#### DIRECTIONS FOR THIS TASK
Would you retype, word for word, the line with "Feel Good Fast" and every line after it through the end of the records below?

#### THE INPUT
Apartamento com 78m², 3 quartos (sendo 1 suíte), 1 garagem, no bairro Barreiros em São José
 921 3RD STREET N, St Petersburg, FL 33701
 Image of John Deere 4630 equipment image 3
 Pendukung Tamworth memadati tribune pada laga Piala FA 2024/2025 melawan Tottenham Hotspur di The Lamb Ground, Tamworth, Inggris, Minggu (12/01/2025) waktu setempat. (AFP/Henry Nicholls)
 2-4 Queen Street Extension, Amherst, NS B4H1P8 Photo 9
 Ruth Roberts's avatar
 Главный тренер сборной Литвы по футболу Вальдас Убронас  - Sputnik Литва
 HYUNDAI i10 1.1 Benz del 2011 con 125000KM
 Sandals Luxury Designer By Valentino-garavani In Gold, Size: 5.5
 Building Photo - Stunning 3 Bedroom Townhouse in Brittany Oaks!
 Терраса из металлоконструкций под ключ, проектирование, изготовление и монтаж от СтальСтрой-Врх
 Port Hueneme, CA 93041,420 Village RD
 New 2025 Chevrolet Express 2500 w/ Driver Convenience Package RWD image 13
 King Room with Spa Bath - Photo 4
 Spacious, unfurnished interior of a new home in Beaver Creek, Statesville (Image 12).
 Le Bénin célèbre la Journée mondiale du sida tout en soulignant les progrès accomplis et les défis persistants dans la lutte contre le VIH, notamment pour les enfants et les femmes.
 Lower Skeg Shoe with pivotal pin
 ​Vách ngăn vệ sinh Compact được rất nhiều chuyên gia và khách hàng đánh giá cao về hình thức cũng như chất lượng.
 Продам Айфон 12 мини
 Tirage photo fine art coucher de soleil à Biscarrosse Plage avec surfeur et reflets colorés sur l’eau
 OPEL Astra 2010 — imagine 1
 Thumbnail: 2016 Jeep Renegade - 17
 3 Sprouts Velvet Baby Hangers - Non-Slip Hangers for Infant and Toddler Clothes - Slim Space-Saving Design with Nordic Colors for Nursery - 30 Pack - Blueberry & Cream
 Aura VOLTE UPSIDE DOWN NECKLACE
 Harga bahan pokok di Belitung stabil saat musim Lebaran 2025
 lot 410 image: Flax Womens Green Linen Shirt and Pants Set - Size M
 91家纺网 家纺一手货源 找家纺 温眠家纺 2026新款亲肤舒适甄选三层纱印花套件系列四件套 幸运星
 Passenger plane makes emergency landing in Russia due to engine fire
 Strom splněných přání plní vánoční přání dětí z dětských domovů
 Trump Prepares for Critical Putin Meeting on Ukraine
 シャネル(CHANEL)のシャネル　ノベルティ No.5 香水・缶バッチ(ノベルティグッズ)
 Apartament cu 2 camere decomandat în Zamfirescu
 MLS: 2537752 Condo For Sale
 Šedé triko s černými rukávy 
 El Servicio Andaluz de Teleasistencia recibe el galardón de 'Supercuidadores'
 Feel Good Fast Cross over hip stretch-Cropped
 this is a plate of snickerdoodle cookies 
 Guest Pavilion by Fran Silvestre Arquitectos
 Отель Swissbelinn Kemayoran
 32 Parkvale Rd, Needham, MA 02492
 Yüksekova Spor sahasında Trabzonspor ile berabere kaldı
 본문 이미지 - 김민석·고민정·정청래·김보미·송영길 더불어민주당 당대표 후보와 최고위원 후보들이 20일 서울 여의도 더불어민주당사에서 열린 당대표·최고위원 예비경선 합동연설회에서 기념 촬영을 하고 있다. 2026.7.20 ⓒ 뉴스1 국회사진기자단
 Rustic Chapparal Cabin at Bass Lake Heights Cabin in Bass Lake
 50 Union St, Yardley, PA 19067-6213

#### TASK OUTPUT
 Feel Good Fast Cross over hip stretch-Cropped
 this is a plate of snickerdoodle cookies 
 Guest Pavilion by Fran Silvestre Arquitectos
 Отель Swissbelinn Kemayoran
 32 Parkvale Rd, Needham, MA 02492
 Yüksekova Spor sahasında Trabzonspor ile berabere kaldı
 본문 이미지 - 김민석·고민정·정청래·김보미·송영길 더불어민주당 당대표 후보와 최고위원 후보들이 20일 서울 여의도 더불어민주당사에서 열린 당대표·최고위원 예비경선 합동연설회에서 기념 촬영을 하고 있다. 2026.7.20 ⓒ 뉴스1 국회사진기자단
 Rustic Chapparal Cabin at Bass Lake Heights Cabin in Bass Lake
 50 Union St, Yardley, PA 19067-6213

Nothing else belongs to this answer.